Could you repeat exactly the lines from the one containing "Mũ len bêrê lưỡi trai" through the last line of the records, with no pictures?

++++ EXTRACTED ENTRIES ++++

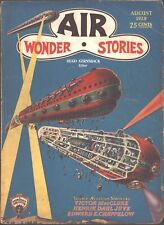 Air Wonder Stories 1929 August, #2.     Pulp picture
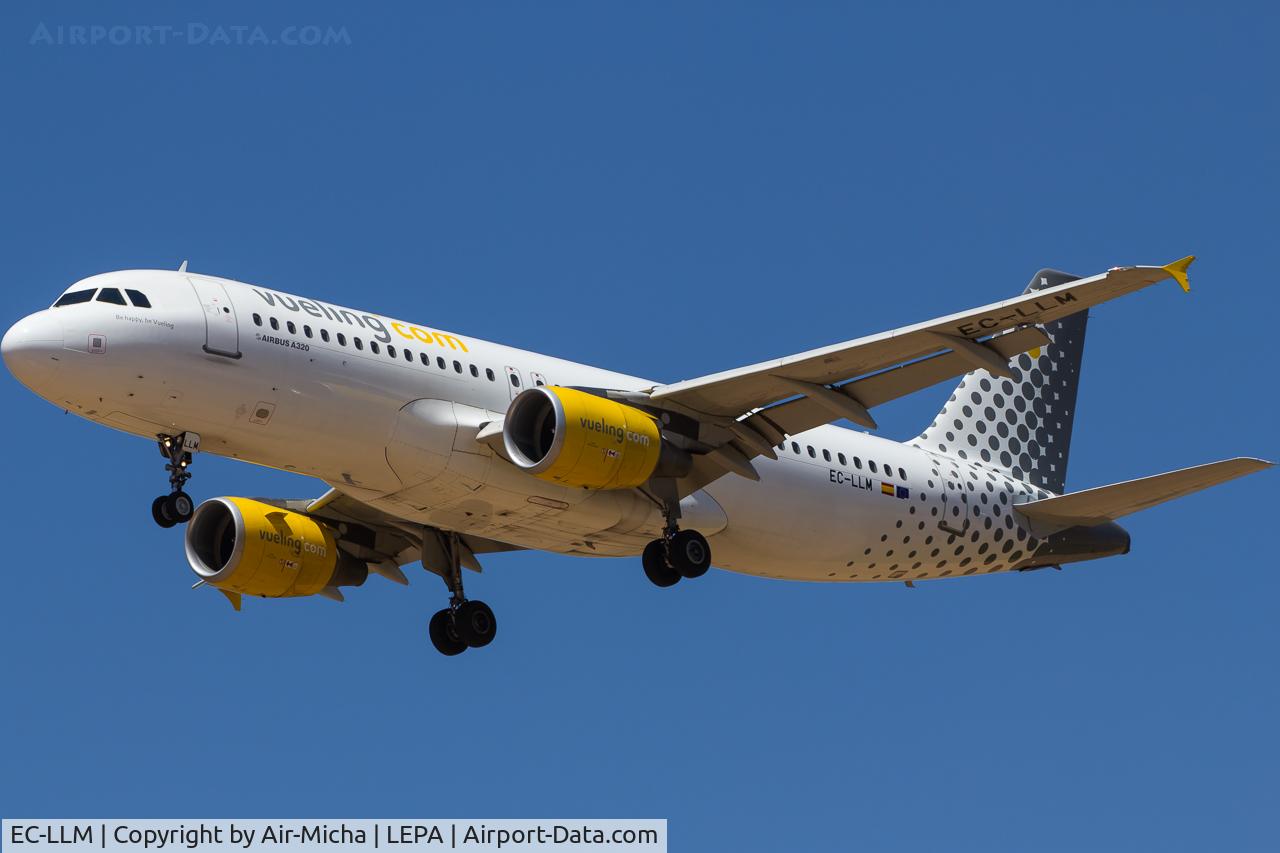 EC-LLM, 2011 Airbus A320-214 C/N 4681, Vueling Airlines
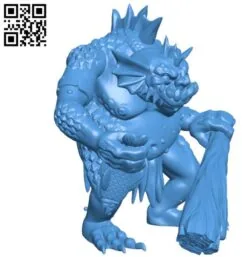 River troll B004561 file stl free download 3D Model for CNC and 3d printer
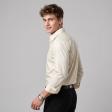 Plain Cream Shirt : Business
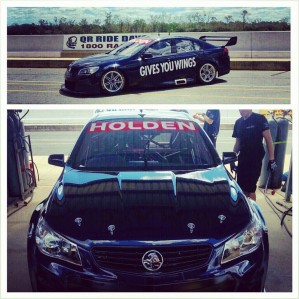 After the team's test yesterday, Holden squad Red Bull Racing released this image via social media today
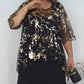 【S-4XL】👗Elegáns női 2 részes szett fekete színben (átlátszó felső + ruha)
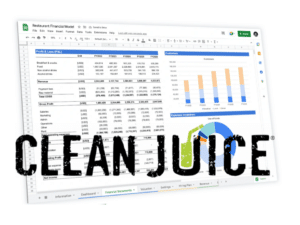Clean Juice franchise business plan template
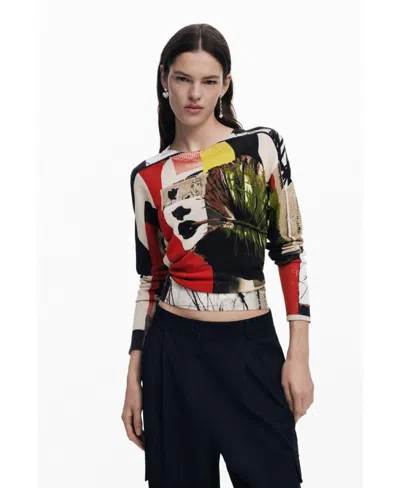 DESIGUAL WOMEN'S SWEATER DESIGNED BY MR. CHRISTIAN LACROIX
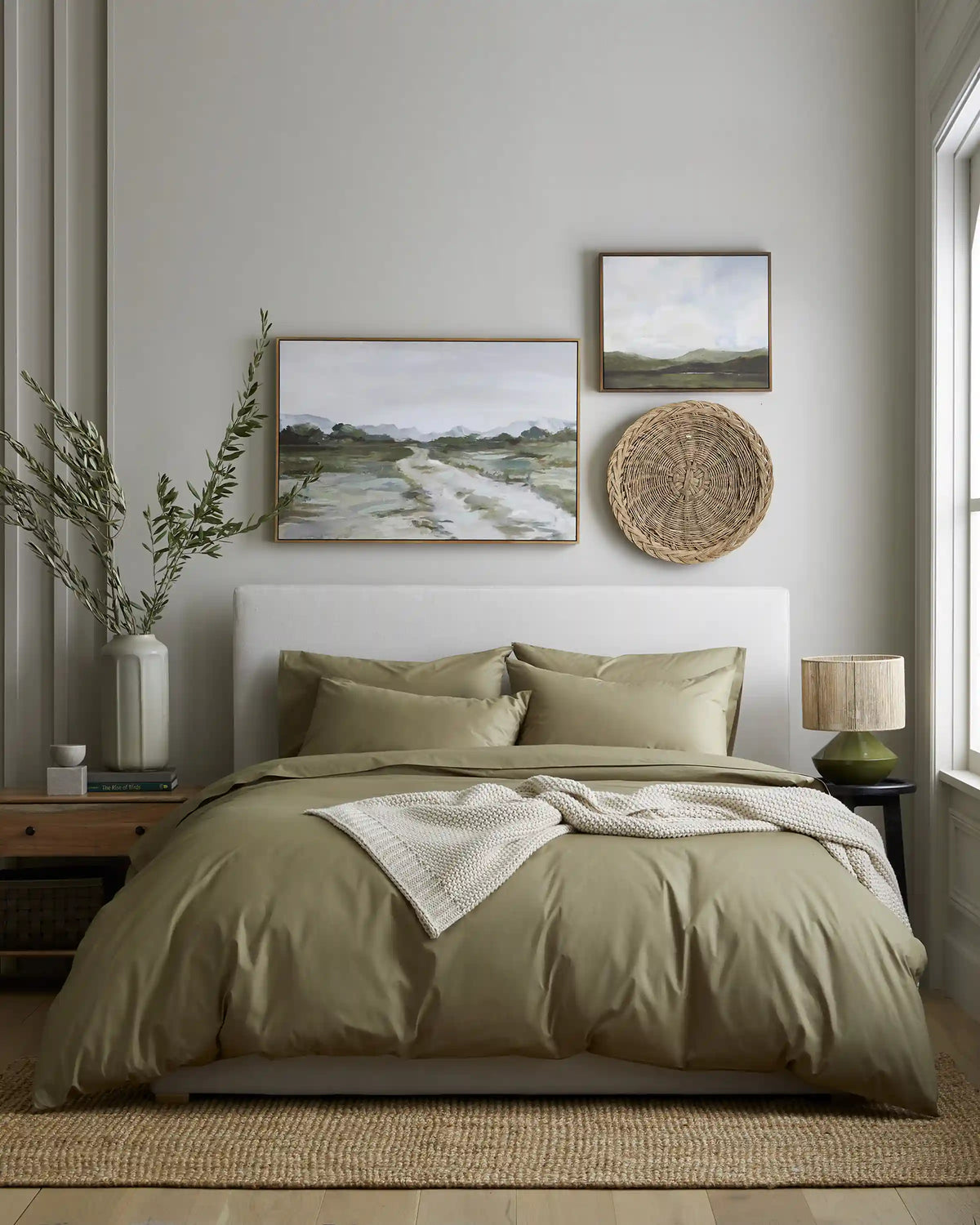 Organic Crisp Percale Duvet Cover Set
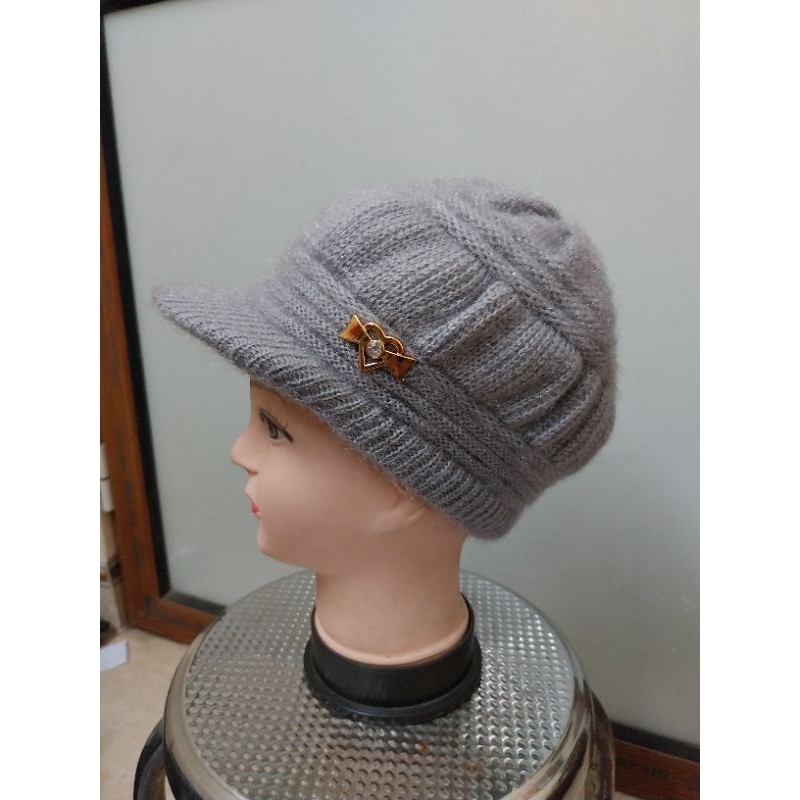 Mũ len bêrê lưỡi trai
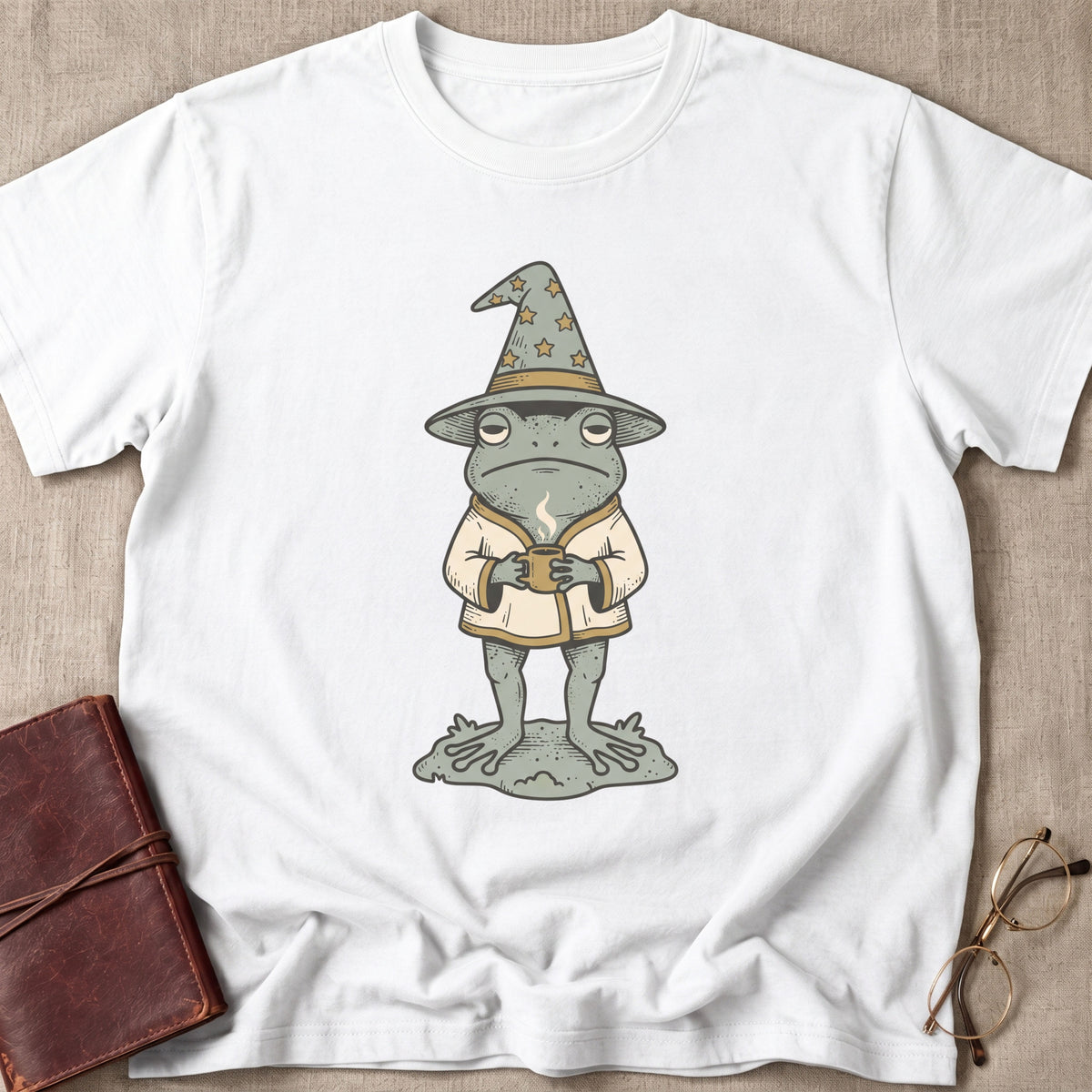 Frog With Morning Coffee T-Shirt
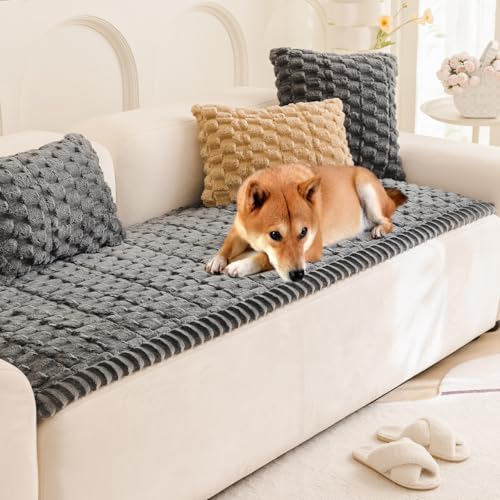 Gumfolk Plush Pet Sofa Covers for Dogs Washable Couch Protector for Cushion, Dog Friendly Furniture Covers Protector - Image 1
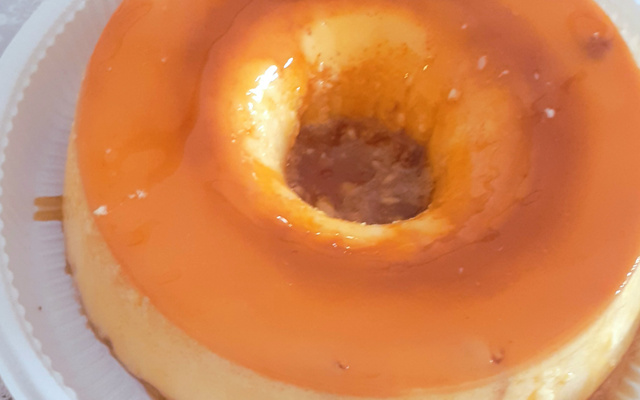 Pudim de leite de coco sem lactose e sem glúten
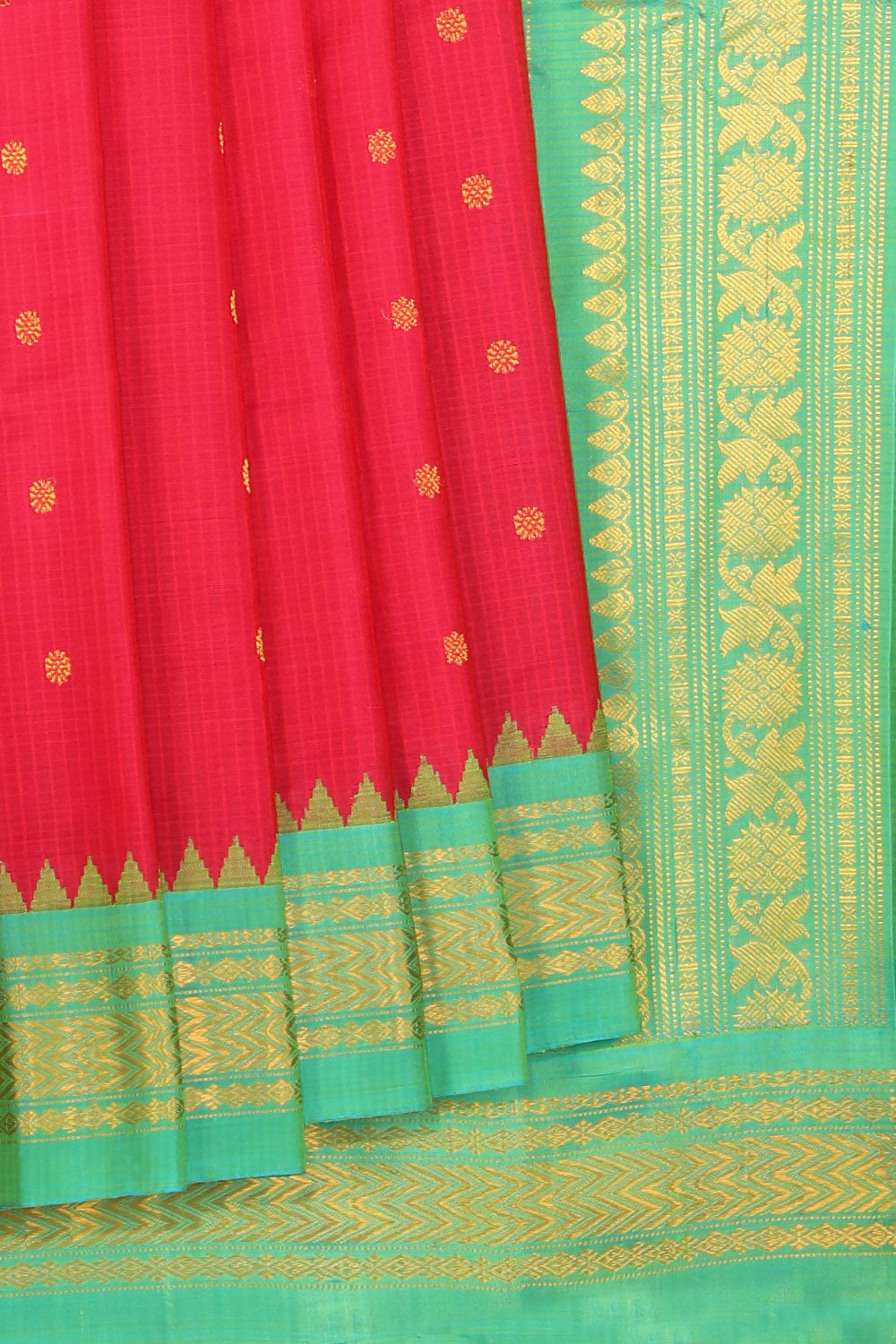 Kalanjali Gadwal Pink Saree – Women's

++++

* OUTPUT FOR THIS TASK:
 Mũ len bêrê lưỡi trai
 Frog With Morning Coffee T-Shirt
 Gumfolk Plush Pet Sofa Covers for Dogs Washable Couch Protector for Cushion, Dog Friendly Furniture Covers Protector - Image 1
 Pudim de leite de coco sem lactose e sem glúten
 Kalanjali Gadwal Pink Saree – Women's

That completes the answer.